Sur des pentes inclinées de quelques degrés, les polygones se transforment en sols striés, constitués, en surface, d’une succession de grandes bandes de matériaux fins séparés par des bandes de cailloux et présentant des motifs typiques de la solifluxion (fig. 6). D’autres structures organisées se rencontrent encore dans le domaine périglaciaire (champs de pierres redressées, dallage de pierre, etc.).
La genèse des sols structurés n’est pas encore bien éclaircie, mais elle semble combiner des processus de contraction thermique, de cryoexpulsion, de gonflement cryogénique (cf. fiche pergélisol 2.4) et de cryoturbation différentielle selon la gélivité des matériaux qui composent le sol. Quoi qu’il en soit, les mouvements verticaux sont prédominants et affectent la tranche supérieure du sol (0.1 – 1 m) avec des vitesses de l’ordre du mm au cm par an. L’hypothèse la plus couramment reprise est la suivante (fig. 7) :
- Une chute brutale des températures de l’air avant la mise en place d’un manteau neigeux isolant (au moins 50 cm) peut entraîner une contraction thermique du sol. Des fentes de dessication se forment (fig. 8) et pourront être remplies et agrandies par des veines ou des coins de glace. Dans la toundra arctique, les coins de glace grandissent chaque année et peuvent atteindre des tailles métriques (figs. 9 & 10).
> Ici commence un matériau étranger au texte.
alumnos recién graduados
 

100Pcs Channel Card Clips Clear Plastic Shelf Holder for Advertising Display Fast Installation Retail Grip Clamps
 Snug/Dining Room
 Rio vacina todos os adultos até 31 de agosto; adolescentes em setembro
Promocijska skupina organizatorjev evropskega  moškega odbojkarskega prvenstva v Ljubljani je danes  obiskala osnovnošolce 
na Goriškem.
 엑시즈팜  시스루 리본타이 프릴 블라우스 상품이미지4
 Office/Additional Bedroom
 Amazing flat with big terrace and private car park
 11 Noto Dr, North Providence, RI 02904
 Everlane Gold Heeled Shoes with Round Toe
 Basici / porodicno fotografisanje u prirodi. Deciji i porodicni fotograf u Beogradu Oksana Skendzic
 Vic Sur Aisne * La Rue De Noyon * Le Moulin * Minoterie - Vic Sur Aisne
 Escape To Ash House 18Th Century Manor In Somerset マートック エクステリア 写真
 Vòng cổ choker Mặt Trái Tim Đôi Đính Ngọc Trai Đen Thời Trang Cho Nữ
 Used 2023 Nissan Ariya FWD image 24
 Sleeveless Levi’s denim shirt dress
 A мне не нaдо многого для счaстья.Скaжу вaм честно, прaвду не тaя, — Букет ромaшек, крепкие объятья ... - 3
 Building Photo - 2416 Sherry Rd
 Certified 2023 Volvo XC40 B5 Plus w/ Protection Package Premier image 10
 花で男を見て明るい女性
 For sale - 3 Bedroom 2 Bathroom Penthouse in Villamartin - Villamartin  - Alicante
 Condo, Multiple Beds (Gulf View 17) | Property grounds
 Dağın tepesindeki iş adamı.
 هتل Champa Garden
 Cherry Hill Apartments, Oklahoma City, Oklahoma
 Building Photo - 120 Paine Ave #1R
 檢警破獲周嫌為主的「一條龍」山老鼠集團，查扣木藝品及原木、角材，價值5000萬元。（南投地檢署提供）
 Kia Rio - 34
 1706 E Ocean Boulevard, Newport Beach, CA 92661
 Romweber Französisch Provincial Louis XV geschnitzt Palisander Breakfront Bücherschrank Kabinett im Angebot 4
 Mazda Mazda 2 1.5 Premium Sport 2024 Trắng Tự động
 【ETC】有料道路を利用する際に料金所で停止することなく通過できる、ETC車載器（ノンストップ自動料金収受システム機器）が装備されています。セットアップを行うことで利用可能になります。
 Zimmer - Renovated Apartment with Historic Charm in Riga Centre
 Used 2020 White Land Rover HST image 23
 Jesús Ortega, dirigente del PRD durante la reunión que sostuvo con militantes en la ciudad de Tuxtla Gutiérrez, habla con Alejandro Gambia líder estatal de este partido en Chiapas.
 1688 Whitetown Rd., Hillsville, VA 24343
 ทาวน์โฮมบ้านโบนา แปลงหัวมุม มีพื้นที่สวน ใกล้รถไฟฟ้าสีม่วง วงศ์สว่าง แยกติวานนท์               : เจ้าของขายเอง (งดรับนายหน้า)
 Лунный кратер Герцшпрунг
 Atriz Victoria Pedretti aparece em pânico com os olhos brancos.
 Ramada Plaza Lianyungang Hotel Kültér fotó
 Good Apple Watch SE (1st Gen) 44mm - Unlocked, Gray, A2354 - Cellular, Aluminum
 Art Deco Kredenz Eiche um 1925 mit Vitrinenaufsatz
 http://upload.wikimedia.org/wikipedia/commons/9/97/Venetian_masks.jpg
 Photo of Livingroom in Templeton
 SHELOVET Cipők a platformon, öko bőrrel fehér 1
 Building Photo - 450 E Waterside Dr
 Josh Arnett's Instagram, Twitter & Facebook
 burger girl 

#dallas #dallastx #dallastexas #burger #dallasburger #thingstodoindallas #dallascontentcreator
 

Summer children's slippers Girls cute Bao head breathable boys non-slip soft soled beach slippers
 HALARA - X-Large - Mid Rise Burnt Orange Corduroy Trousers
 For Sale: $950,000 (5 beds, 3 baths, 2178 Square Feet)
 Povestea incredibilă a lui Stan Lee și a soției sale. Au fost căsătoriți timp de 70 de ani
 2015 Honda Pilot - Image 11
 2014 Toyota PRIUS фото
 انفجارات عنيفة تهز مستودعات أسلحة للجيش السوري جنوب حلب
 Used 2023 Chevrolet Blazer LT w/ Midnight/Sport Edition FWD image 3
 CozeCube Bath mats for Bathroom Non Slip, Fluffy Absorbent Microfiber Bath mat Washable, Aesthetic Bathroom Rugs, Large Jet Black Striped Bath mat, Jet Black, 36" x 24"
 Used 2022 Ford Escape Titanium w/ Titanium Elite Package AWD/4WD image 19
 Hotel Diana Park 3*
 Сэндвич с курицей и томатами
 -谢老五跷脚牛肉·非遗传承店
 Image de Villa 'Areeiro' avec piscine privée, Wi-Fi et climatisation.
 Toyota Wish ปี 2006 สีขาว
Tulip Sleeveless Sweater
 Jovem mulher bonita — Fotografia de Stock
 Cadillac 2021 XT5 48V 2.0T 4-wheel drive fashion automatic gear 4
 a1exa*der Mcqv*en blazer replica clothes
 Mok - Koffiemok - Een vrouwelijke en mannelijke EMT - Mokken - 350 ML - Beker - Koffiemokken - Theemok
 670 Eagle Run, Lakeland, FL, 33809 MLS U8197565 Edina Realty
- Lors du gel du terrain, la formation de lentilles de glace et de pipkrakes entraine la cryoexpulsion des cailloux vers la surface. Probablement en raison de leur gélivité différente, les cailloux expulsés sont déplacés vers les zones de forte concentration de blocs, alors que les sédiments fins sont déplacés vers les zones de forte concentration de matériaux fins. Ce principe a été démontré expérimentalement par Pissart (1973) et par des modélisations informatiques.
- En général, les éléments grossiers s’entassent dans les fentes de dessication en raison du bombement du sol au centre du dispositif (ostiole).
- Il est également envisageable que des mouvements de cryoturbation créent des cellules de convection dans le sol qui entraînent le tri des matériaux. La cryoturbation est le processus concernant les déformations in-situ dues aux alternances de gel-dégel (fig. 11). La capacité de rétention en eau dépend de la nature des matériaux et se traduit, lors de la progression du front de gel, par des dilatations très variables. Les limons, très gélifs, ont ainsi tendance à s’injecter dans les autres matériaux (par exemple des graviers peu gélifs, cf. fiche pergélisol 2.2), provoquant de petits plis (formes en chaudron) dans les formations superficielles.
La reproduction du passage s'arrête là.